TASK STATEMENT: Transcribe exactly the line containing "Ornate Frame Displaying" and each line after it, through the end of the entries, with nothing before or after.

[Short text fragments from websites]

--------

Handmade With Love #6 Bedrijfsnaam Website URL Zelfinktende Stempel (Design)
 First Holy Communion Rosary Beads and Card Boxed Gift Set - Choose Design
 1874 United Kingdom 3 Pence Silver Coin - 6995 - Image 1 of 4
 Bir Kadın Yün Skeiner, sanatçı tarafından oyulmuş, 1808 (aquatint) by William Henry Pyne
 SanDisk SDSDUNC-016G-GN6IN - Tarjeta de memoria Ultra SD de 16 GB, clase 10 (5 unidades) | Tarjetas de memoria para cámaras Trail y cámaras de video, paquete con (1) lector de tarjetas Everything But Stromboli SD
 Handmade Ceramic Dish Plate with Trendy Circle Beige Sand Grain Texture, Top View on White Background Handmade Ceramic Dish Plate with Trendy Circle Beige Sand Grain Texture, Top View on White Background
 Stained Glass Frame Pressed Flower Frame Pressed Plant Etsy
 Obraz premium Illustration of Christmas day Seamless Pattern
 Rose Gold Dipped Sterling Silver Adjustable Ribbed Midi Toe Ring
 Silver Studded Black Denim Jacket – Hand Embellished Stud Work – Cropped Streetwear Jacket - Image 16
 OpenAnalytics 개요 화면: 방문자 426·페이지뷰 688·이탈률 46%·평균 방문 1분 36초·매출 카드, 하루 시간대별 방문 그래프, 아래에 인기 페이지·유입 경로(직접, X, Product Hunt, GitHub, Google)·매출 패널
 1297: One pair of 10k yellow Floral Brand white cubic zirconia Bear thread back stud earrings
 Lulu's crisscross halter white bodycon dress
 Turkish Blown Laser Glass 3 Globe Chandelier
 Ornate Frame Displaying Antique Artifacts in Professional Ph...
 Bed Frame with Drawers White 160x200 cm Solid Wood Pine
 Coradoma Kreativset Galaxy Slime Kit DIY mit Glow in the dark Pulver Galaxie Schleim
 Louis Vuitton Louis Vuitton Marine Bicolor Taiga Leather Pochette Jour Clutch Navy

--------

SOLVED PROBLEM:
 Ornate Frame Displaying Antique Artifacts in Professional Ph...
 Bed Frame with Drawers White 160x200 cm Solid Wood Pine
 Coradoma Kreativset Galaxy Slime Kit DIY mit Glow in the dark Pulver Galaxie Schleim
 Louis Vuitton Louis Vuitton Marine Bicolor Taiga Leather Pochette Jour Clutch Navy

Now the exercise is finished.